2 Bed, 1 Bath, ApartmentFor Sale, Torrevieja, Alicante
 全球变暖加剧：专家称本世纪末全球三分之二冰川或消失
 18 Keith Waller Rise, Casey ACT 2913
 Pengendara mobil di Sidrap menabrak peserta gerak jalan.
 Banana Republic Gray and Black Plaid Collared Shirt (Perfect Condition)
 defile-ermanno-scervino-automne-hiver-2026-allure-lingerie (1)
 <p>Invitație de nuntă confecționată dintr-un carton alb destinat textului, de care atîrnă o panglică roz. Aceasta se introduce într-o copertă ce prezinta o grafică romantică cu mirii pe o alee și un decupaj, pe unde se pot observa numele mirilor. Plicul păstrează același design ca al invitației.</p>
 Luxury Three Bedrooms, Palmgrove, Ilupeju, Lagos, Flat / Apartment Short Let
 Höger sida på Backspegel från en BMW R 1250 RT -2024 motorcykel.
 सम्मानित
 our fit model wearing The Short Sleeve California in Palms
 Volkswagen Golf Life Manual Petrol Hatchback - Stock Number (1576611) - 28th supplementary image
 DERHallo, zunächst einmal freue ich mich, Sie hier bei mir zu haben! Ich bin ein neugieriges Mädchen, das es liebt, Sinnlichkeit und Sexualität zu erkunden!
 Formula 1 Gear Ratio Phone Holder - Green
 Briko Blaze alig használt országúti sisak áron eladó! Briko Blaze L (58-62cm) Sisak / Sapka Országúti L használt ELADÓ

• Task to complete: Return what is listed above, exactly and completely.

• Answer for the task:
2 Bed, 1 Bath, ApartmentFor Sale, Torrevieja, Alicante
 全球变暖加剧：专家称本世纪末全球三分之二冰川或消失
 18 Keith Waller Rise, Casey ACT 2913
 Pengendara mobil di Sidrap menabrak peserta gerak jalan.
 Banana Republic Gray and Black Plaid Collared Shirt (Perfect Condition)
 defile-ermanno-scervino-automne-hiver-2026-allure-lingerie (1)
 <p>Invitație de nuntă confecționată dintr-un carton alb destinat textului, de care atîrnă o panglică roz. Aceasta se introduce într-o copertă ce prezinta o grafică romantică cu mirii pe o alee și un decupaj, pe unde se pot observa numele mirilor. Plicul păstrează același design ca al invitației.</p>
 Luxury Three Bedrooms, Palmgrove, Ilupeju, Lagos, Flat / Apartment Short Let
 Höger sida på Backspegel från en BMW R 1250 RT -2024 motorcykel.
 सम्मानित
 our fit model wearing The Short Sleeve California in Palms
 Volkswagen Golf Life Manual Petrol Hatchback - Stock Number (1576611) - 28th supplementary image
 DERHallo, zunächst einmal freue ich mich, Sie hier bei mir zu haben! Ich bin ein neugieriges Mädchen, das es liebt, Sinnlichkeit und Sexualität zu erkunden!
 Formula 1 Gear Ratio Phone Holder - Green
 Briko Blaze alig használt országúti sisak áron eladó! Briko Blaze L (58-62cm) Sisak / Sapka Országúti L használt ELADÓ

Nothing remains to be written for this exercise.